(Data extracted from a collection)
::::

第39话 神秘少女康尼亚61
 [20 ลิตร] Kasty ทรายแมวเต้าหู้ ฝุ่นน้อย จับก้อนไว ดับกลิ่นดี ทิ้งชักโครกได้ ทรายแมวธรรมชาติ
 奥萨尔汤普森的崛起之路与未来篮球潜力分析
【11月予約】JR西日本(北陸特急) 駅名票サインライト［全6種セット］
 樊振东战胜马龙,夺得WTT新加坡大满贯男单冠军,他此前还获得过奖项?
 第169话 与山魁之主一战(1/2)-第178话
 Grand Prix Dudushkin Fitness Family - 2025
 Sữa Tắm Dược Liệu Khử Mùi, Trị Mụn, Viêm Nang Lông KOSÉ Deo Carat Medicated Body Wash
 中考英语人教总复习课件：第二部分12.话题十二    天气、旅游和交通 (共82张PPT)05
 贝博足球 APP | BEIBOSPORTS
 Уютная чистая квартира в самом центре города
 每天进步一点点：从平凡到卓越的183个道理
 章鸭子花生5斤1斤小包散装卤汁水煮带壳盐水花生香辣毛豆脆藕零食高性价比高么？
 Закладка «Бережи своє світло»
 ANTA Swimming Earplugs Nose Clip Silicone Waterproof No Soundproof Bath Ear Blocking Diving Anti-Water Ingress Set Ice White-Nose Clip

::::

*Exercise aim*.
For this exercise, the records above must be returned exactly.

*Exercise result*.
第39话 神秘少女康尼亚61
 [20 ลิตร] Kasty ทรายแมวเต้าหู้ ฝุ่นน้อย จับก้อนไว ดับกลิ่นดี ทิ้งชักโครกได้ ทรายแมวธรรมชาติ
 奥萨尔汤普森的崛起之路与未来篮球潜力分析
【11月予約】JR西日本(北陸特急) 駅名票サインライト［全6種セット］
 樊振东战胜马龙,夺得WTT新加坡大满贯男单冠军,他此前还获得过奖项?
 第169话 与山魁之主一战(1/2)-第178话
 Grand Prix Dudushkin Fitness Family - 2025
 Sữa Tắm Dược Liệu Khử Mùi, Trị Mụn, Viêm Nang Lông KOSÉ Deo Carat Medicated Body Wash
 中考英语人教总复习课件：第二部分12.话题十二    天气、旅游和交通 (共82张PPT)05
 贝博足球 APP | BEIBOSPORTS
 Уютная чистая квартира в самом центре города
 每天进步一点点：从平凡到卓越的183个道理
 章鸭子花生5斤1斤小包散装卤汁水煮带壳盐水花生香辣毛豆脆藕零食高性价比高么？
 Закладка «Бережи своє світло»
 ANTA Swimming Earplugs Nose Clip Silicone Waterproof No Soundproof Bath Ear Blocking Diving Anti-Water Ingress Set Ice White-Nose Clip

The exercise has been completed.